Some of the time it was hard to figure Byron out. He was very right about some things and he was very wrong about some things. He was very wrong when he said the Wool Pooh was something he’d made up. If he’d ever had his ankle grabbed by it he’d know it was real, if he’d seen the way it was crouched down, crawling around in the dust and the smoke of the church in Birmingham he’d know it wasn’t some made-up garbage, if he’d ever seen those horrible toes he’d know the Wool Pooh was as serious as a heart attack.
He was also very wrong about there not being anything like magic powers or genies or angels. Maybe those weren’t the things that could make a run-over dog walk without wobbling but they were out there.
Maybe they were in the way your father smiled at you even after you’d messed something up real bad. Maybe they were in the way you understood that your mother wasn’t trying to make you the laughing “sock” of the whole school when she’d call you over in front of a bunch of your friends and use spit on her finger to wipe the sleep out of your eyes.
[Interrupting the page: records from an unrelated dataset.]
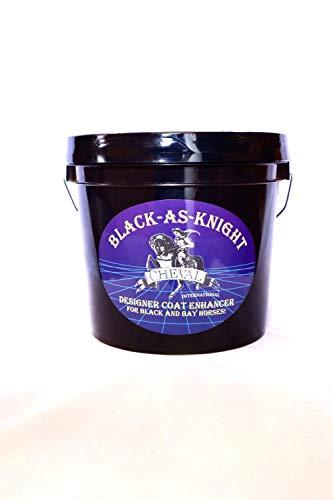 BLACK-AS-KNIGHT Dark Horse Supplement 4 LBS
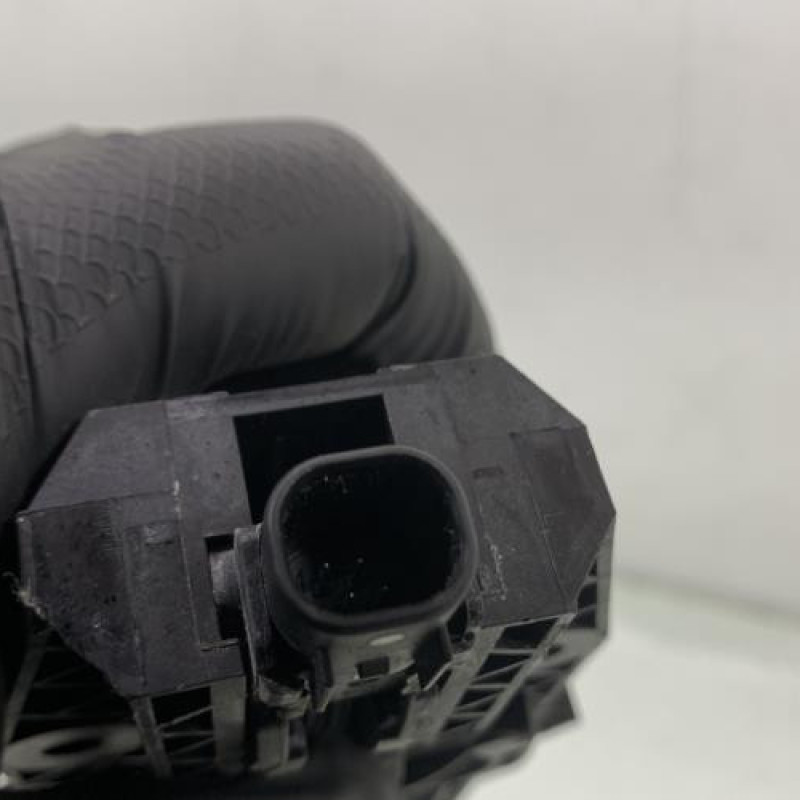 Poignee porte avant droit VOLKSWAGEN GOLF 7 Photo n°5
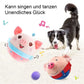 Fernbedienung, Die Singendes, Hüpfendes Plüschtier Aufnimmt/Moving pet plush toy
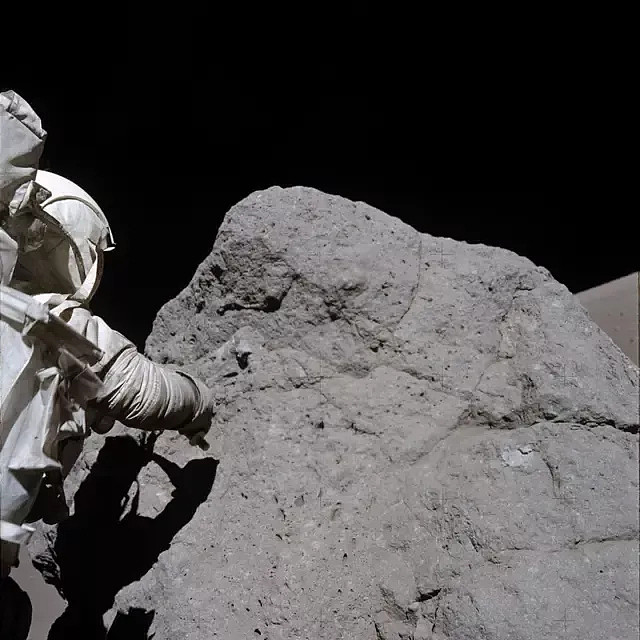 登月后再登火星？NASA 任务为何至关重要（组图） - 5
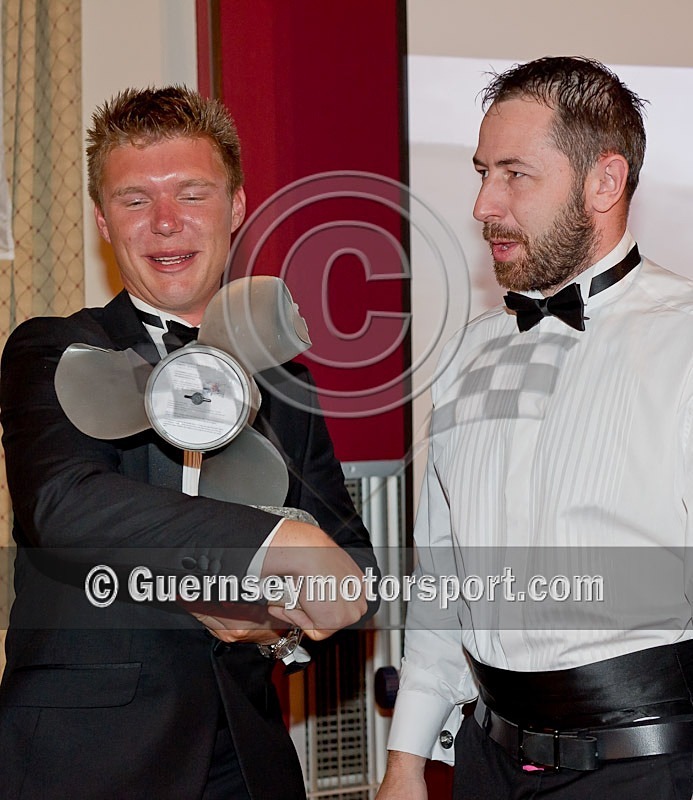 Power Boat Presentation-10 - PRESENTATION DINNER 2011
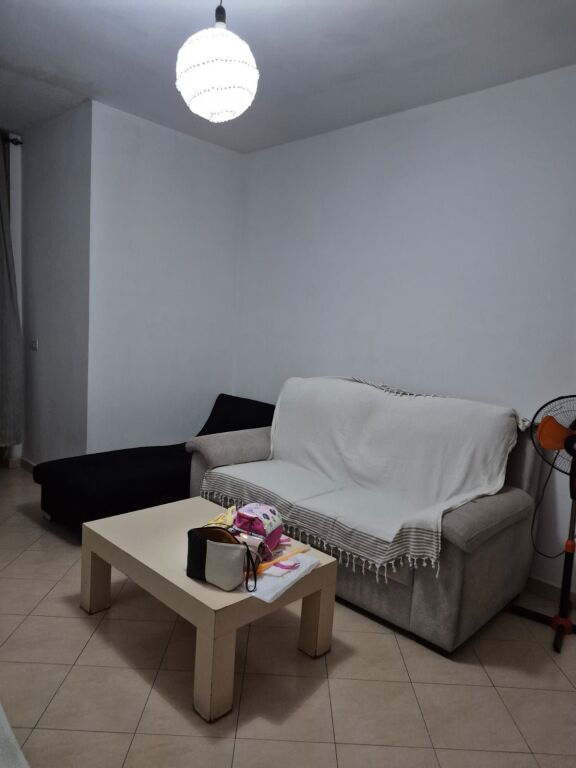 For Rent Apartment 2+1+1 Balcony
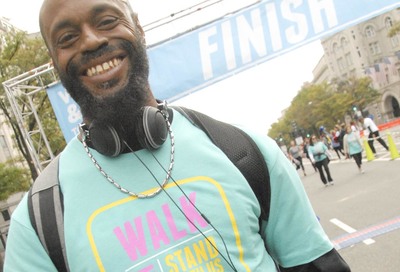 Whitman-Walker's Walk to End HIV #197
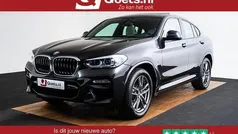 Grijs Gebruikt 2019 BMW X4 Executive SUV | € 38.950 (Goede deal)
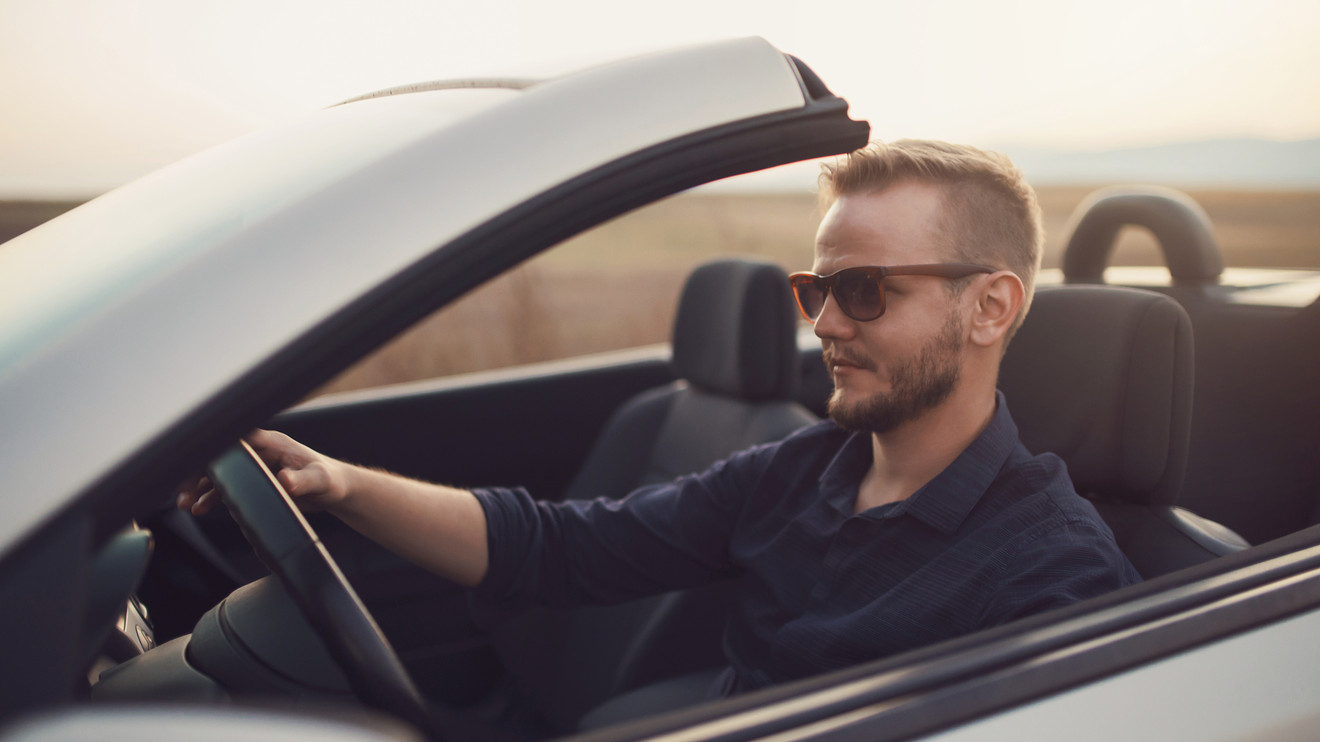 Outside the Box: What this early retiree would tell his 23-year-old self about money and life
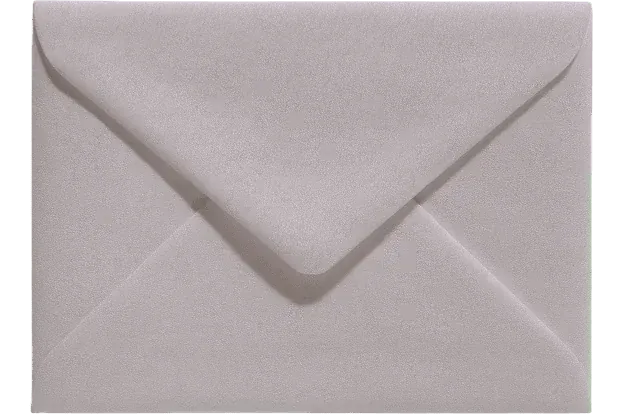 Minimalist envelope
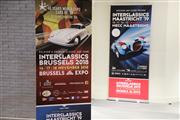 InterClassics Brussels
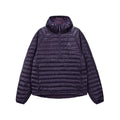 FPA Half-Zip Lightweight Outdoor Triangle Logo Down Jacket 2026 New Style Premium Warm Lightweight Down for Men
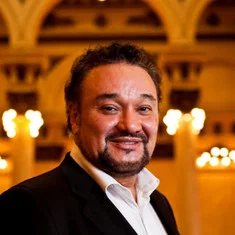 Ramón Vargas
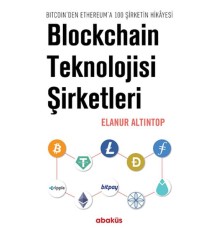 Blockchain Teknolojisi Şirketleri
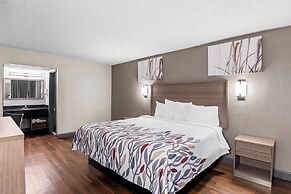 Red Roof Inn Richmond - Airport/ Sandston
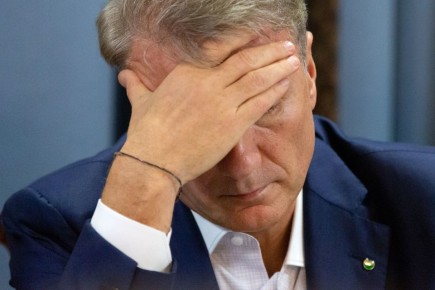 Как вклад в Сбербанк обернулся потерей миллионов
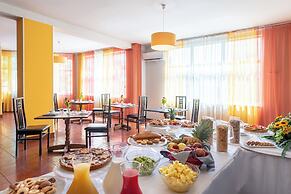 Hotel Roma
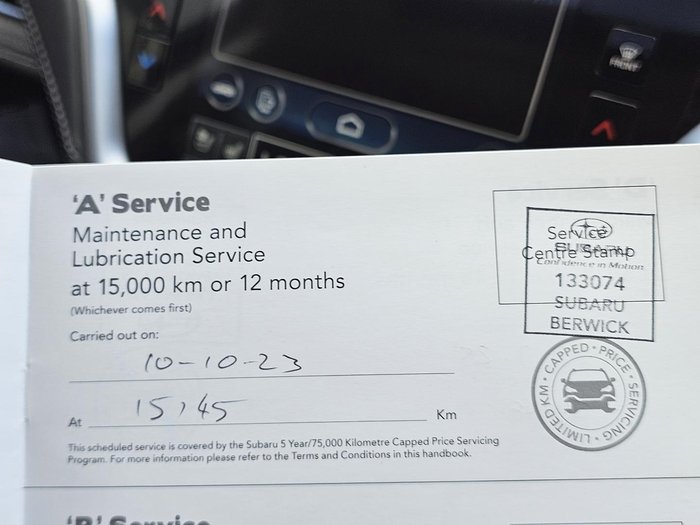 2023 Subaru Outback AWD Touring XT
Maybe it was magic powers that let you know she was just being Momma. Maybe they were the reason that you really didn’t care when the kids would say, “Yuck! You let your momma slob on you?” and you had to say, “Shut up. That’s my momma, we got the same germs.”
Maybe there were genies in the way your sister would throw a stupid tea party for you and you had fun even though it was kind of embarrassing to sit at a little table and sip water out of plastic teacups.
Maybe there were magic powers hiding in the way your older brother made all the worst thugs in the neighborhood play basketball with you even though you double-dribbled every time they threw you the ball.
And I’m sure there was an angel in Birmingham when Grandma Sands wrapped her little arms around all of the Weird Watsons and said, “My fambly, my beautiful, beautiful fambly.”
I climbed up on the toilet and leaned over the sink to take a look. I smiled. Byron was very right about some things too. He was very right when he said I was too smart to believe magic powers lived behind a couch. He also knew what he was talking about when he said I was going to be all right.
Joetta banged on the bathroom door. “Kenny, Byron said you’re feeling much better now, if that’s right come on out, I gotta go to the bathroom real bad!” She said “real” like it had a million letters in it.
Some of the time I wondered if there really was something wrong with me. A few minutes ago I’d been crying on the floor like a kindergarten baby and now I was looking in the mirror laughing. I blew my nose and splashed a little water on my face ’cause I wanted to go out. Besides, I had to think of a way to get at least half of my dinosaurs back from Rufus.
“Come on in, Joey.”
EPILOGUE
At the time of the Watson family’s trip, the U.S. South was caught up in a struggle for basic human rights that became known as the civil rights movement. Although the Declaration of Independence states that all men are created equal and the Constitution had been amended after the Civil War to extend the rights and protections of citizenship to African Americans, changing the law of the land did not always change the way people behaved. In the Northern, Eastern and Western states, African Americans often faced discrimination, but it was not as extreme and pervasive as in the South. There communities and states passed laws that allowed discrimination in schooling, housing and job opportunities; prohibited interracial marriages; and enforced segregation by creating separate facilities for African Americans and whites.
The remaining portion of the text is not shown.